Con el Programa de Acción, el KSC legalizó en abril la existencia de múltiples partidos políticos y sindicatos independientes (aunque dentro del socialismo), liberó a los presos políticos y reconoció el derecho de huelga y la libertad religiosa. Pero antes, el 5 de marzo, precedieron estas reformas el final de la censura y la instauración de la libertad de prensa y expresión, las innovaciones más impactantes dentro y fuera del país.
Estas reformas despertaron el temor de la dirigencia soviética y de muchos de sus aliados, que presionaron fuertemente para frenarlas. La madrugada del 21 de agosto de 1968, a escasos ocho meses del inicio simbólico de la Primavera de Praga y solo cinco de la real, varios cientos de miles de soldados y más de 2.000 tanques del Pacto de Varsovia invadieron Checoslovaquia, bajo la Doctrina de Soberanía Limitada (doctrina Brézhnev), que ese mismo año propugnó que “cuando fuerzas hostiles internas y externas (…) atentan para cambiar el desarrollo de cualquier país socialista en la dirección del sistema capitalista (y) se produce una amenaza a la seguridad de la comunidad socialista, (la intervención) militar a un país hermano para poner fin a la amenaza al sistema socialista es (…) una inevitable medida” (Leonid Illich Brézhnev, 12/11/1968).

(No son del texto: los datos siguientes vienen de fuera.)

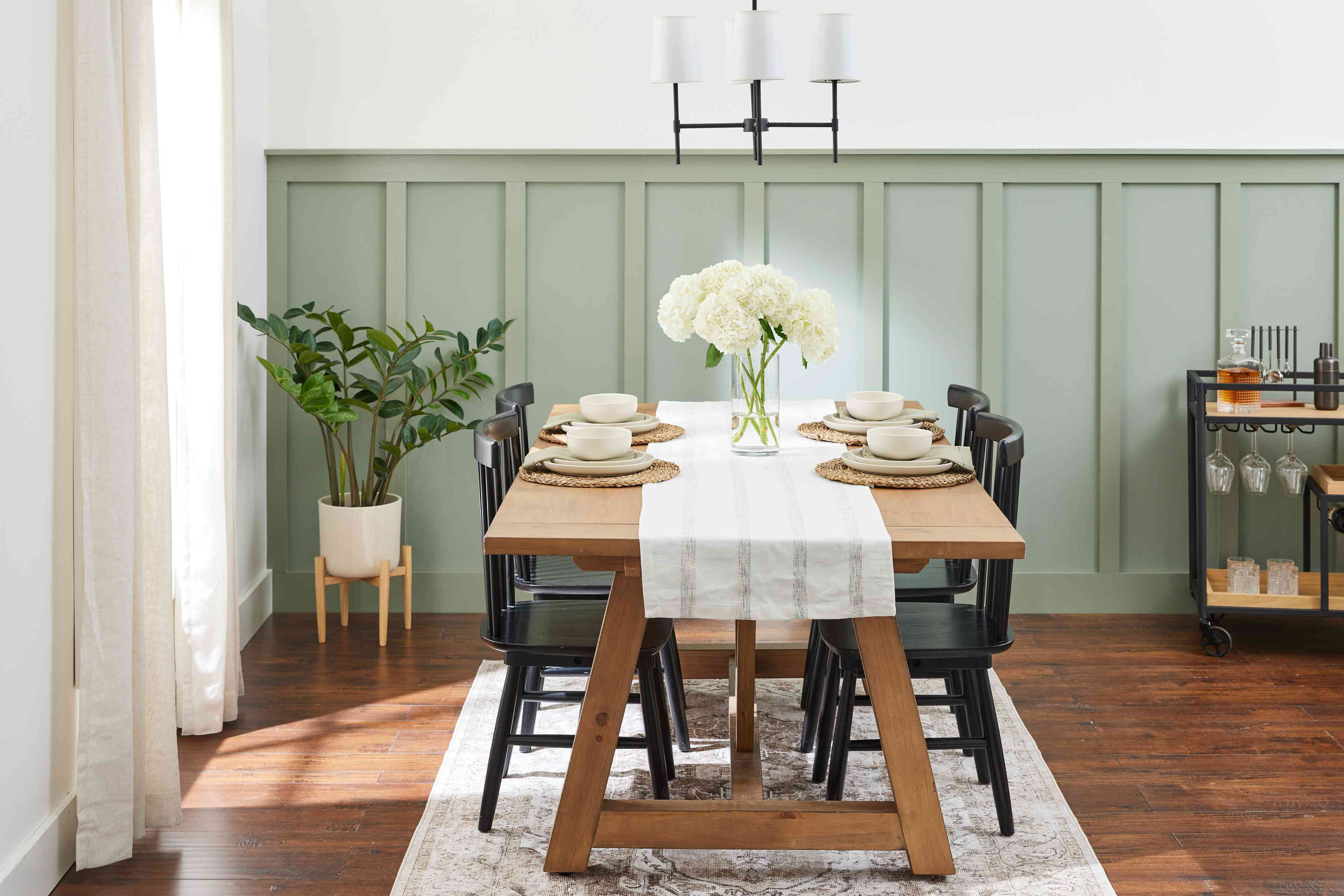 A real photograph of a traditional dining room with board and batten wainscoting painted a muted greige, a vintage wood table, and a warm pendant light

Más que la invasión a Hungría en 1956, la de Checoslovaquia llevó el desconcierto a los propios jóvenes invasores. Adoctrinados para pensar que iban a invadir Checoslovaquia “a pedido del pueblo” como “liberadores”, se encontraron con el rechazo mayoritario de la gente, a la que reprimieron cruentamente. La constatación de que era una invasión repudiada (como ocurrió también en Afganistán en 1979) fue, sin duda, el inicio del fin del imperialismo soviético, que terminó con la disolución de la URSS en noviembre de 1991.

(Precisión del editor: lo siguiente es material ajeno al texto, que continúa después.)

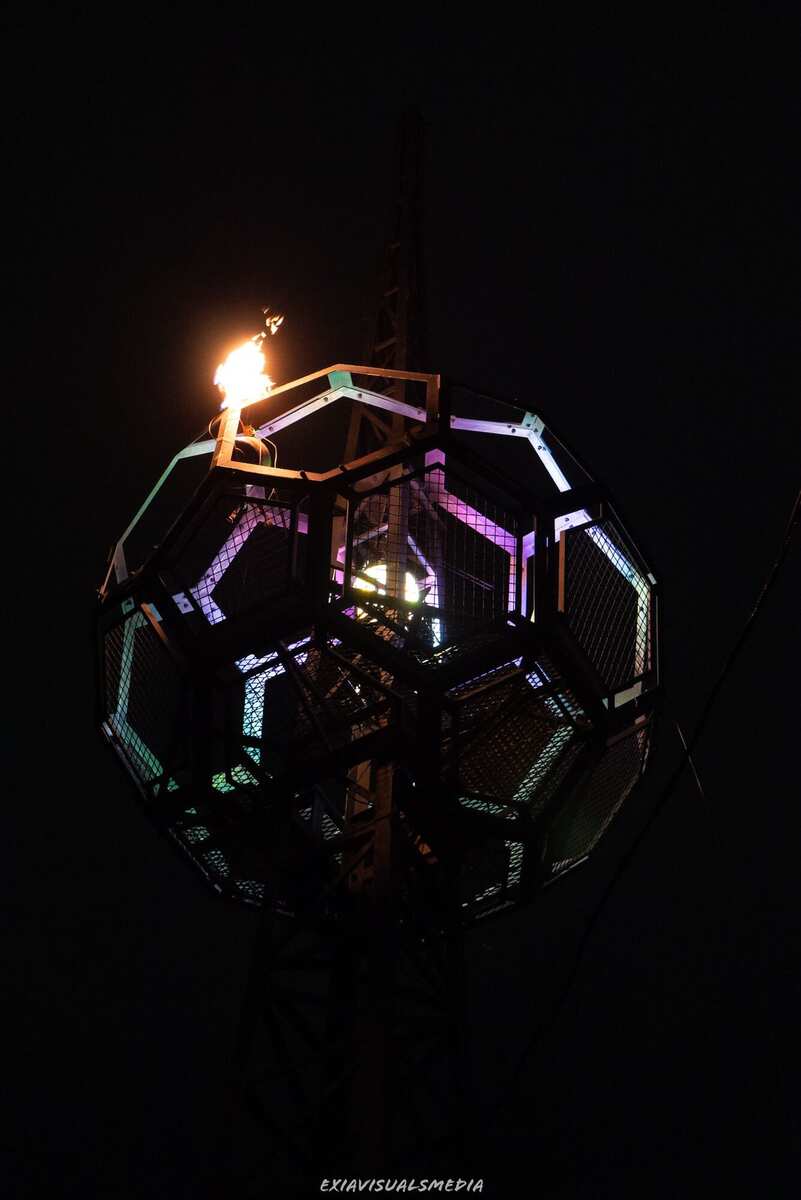 Close-up — buckyball with fire crown, panels lit in pink, green, and blue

Esto contrasta con la nostálgica conmemoración boliviano-podemita (más significativa que en Rusia) del centenario de la Revolución rusa. Los cerca de 100 millones de muertos en países comunistas (20 millones en la URSS) que mencionan S. Courtois, N. Werth, J. Gauck y A. Paczkowski en El libro negro del comunismo: crímenes, terror y represión (1997), citando archivos desclasificados de la KGB, la Stasi y otras fuentes oficiales; además de las amplias deportaciones y confinamientos practicadas fueron resultado de aquellos 100 años de sistema represivo, conmemorados, paradójicamente, gracias a nuestras democracias.
Concluyo con un homenaje al maestro de periodistas, hombre de fe y honor, y defensor de la libertad José Gramunt de Moragas, con quien tuve el honor de coincidir años en estas páginas. Amigo Pepe, mi oración por su alma y porque su ejemplo permanezca.